My family and I are moving out to Canada within the next few weeks and I am getting abit worried and nervous now as we have no family and friends. My children will be started school in the September and I am worried they will not get accepted by the other children. I am told the Canadians are really friendly but it dont stop me from worrying.


----------



## Oggy (Jan 25, 2009)

Hi Deighton Family & welcome to the forums! You're not alone in feeling a bit apprehensive ... I think most people feel the same way shortly before relocating. I live in the area that you're moving to, so please feel free to contact me if you have any questions.


----------



## jodie123 (Jun 24, 2011)

*worried*

Hi there,
We are a family of four wanting to move to Canada simply beacause we love it..we are applying to immigrate as we speak but I have 2 cildren aged 12 and 14yrs, I am worried about schools and safe areas to live, any advice for us? would like to be around Vancouver!!
Thanks


----------



## Deighton Family (Jun 12, 2011)

jodie123 said:


> Hi there,
> We are a family of four wanting to move to Canada simply beacause we love it..we are applying to immigrate as we speak but I have 2 cildren aged 12 and 14yrs, I am worried about schools and safe areas to live, any advice for us? would like to be around Vancouver!!
> Thanks


Hi there,
We are moving within the next few weeks to Kelowna which is between Vancouver and Banff. I have a 14 and 10 year old and still have worries about if they will settle and if we all will be accepted. Giving up a very good business here for the move for a better life for the kids. We all love Canada.

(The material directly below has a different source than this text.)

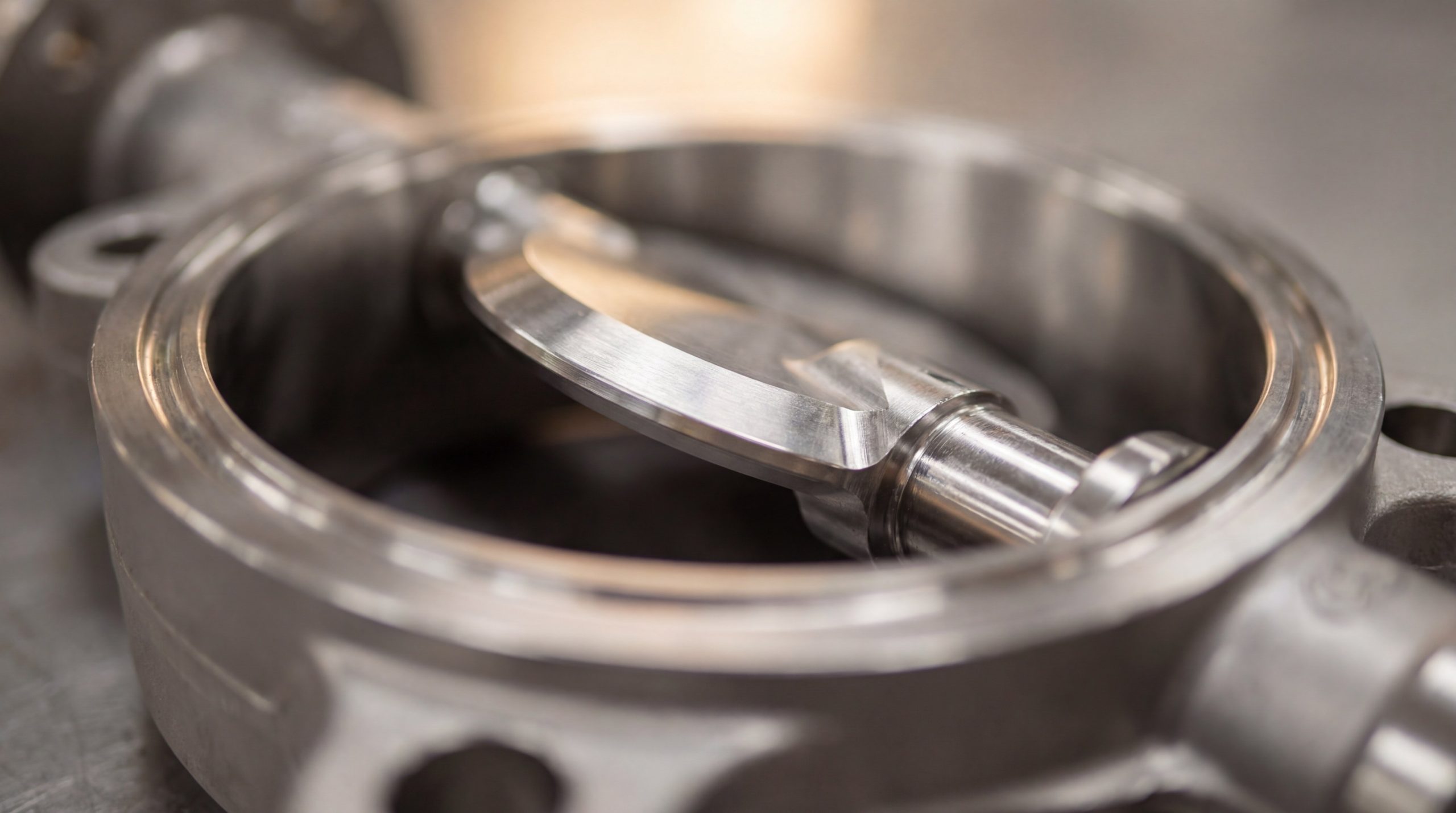 Precision butterfly valve macro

Take a look at where we are heading.


----------



## bc brit (Dec 30, 2009)

You will love Kelowna,it is a great place to bring up kids.
We have a 14 and a 9 years old,they just love it here.
We were in the same situation as yourselves,sold a good business for the chance to give our daughter who was 3 at the time,what we felt was a better chance in life.
All i can say is that we have no regrets.
you are bound to feel nervous,but that is normal.
Send me a private message on here so i reply and send you are phone number.
You are more than welcome to pop in for a cuppa tea and a chat

regards Mike


----------



## Deighton Family (Jun 12, 2011)

bc brit said:


> You will love Kelowna,it is a great place to bring up kids.
> We have a 14 and a 9 years old,they just love it here.
> We were in the same situation as yourselves,sold a good business for the chance to give our daughter who was 3 at the time,what we felt was a better chance in life.
> All i can say is that we have no regrets.
> ...


Hi Mike,

Thanks so much for replying, its good to hear about your family and others that have been in a similar situation as ourselves. Not sure how to send private messages on here or even if this turns out to be private, perhaps you can advise us on this as this is all so new. It would be really great to meet up with you and your family, we are coming over in 2 weeks time to finalise work and rented accomodation so if you are free around the 1st week of August it would be really nice to meet up.

regards, Julie and Mark


----------



## bc brit (Dec 30, 2009)

Deighton Family said:


> Hi Mike,
> 
> Thanks so much for replying, its good to hear about your family and others that have been in a similar situation as ourselves. Not sure how to send private messages on here or even if this turns out to be private, perhaps you can advise us on this as this is all so new. It would be really great to meet up with you and your family, we are coming over in 2 weeks time to finalise work and rented accomodation so if you are free around the 1st week of August it would be really nice to meet up.
> 
> regards, Julie and Mark


Hello both,
Send us a quick e mail at [email protected] we can then e mail you are phone number

regards Mike


----------